● **What the task asks**:
Return each entry below word for word, leaving out any image.

● **Provided entries**:
★ ★ ★
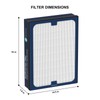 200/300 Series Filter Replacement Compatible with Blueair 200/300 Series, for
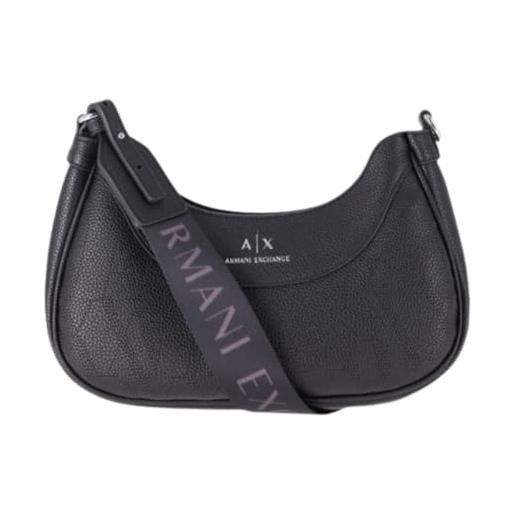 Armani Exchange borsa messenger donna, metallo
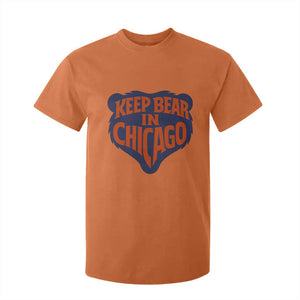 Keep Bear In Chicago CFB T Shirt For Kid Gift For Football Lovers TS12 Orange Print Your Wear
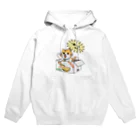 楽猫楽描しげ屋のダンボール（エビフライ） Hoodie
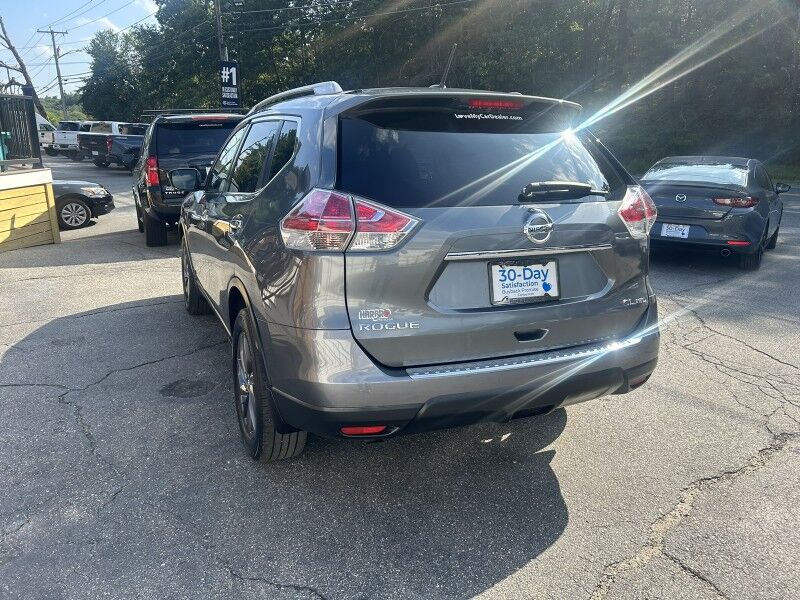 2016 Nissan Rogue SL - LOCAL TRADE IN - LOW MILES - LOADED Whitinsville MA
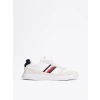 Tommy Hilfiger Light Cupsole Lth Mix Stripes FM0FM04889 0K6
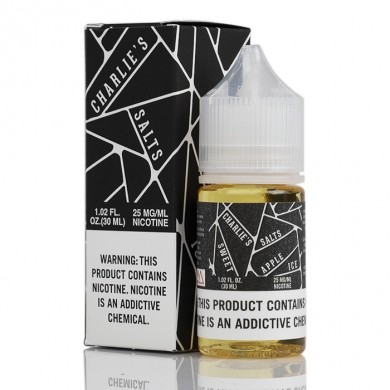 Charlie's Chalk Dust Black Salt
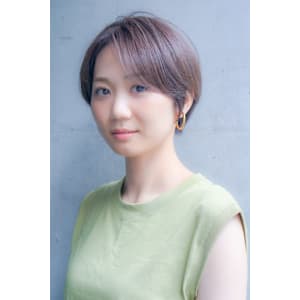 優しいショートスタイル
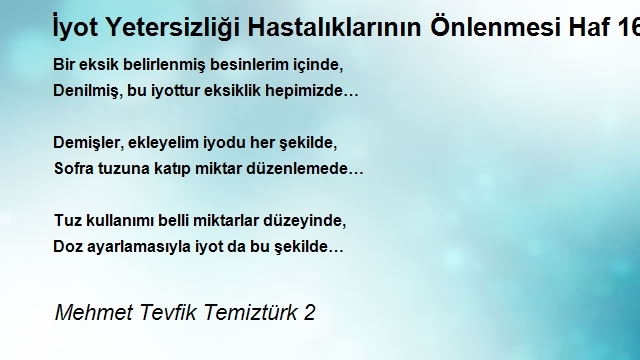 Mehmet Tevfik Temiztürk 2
★ ★ ★
● **Answer for the task**:
 200/300 Series Filter Replacement Compatible with Blueair 200/300 Series, for
 Armani Exchange borsa messenger donna, metallo
 Keep Bear In Chicago CFB T Shirt For Kid Gift For Football Lovers TS12 Orange Print Your Wear
 楽猫楽描しげ屋のダンボール（エビフライ） Hoodie
 2016 Nissan Rogue SL - LOCAL TRADE IN - LOW MILES - LOADED Whitinsville MA
 Tommy Hilfiger Light Cupsole Lth Mix Stripes FM0FM04889 0K6
 Charlie's Chalk Dust Black Salt
 優しいショートスタイル
 Mehmet Tevfik Temiztürk 2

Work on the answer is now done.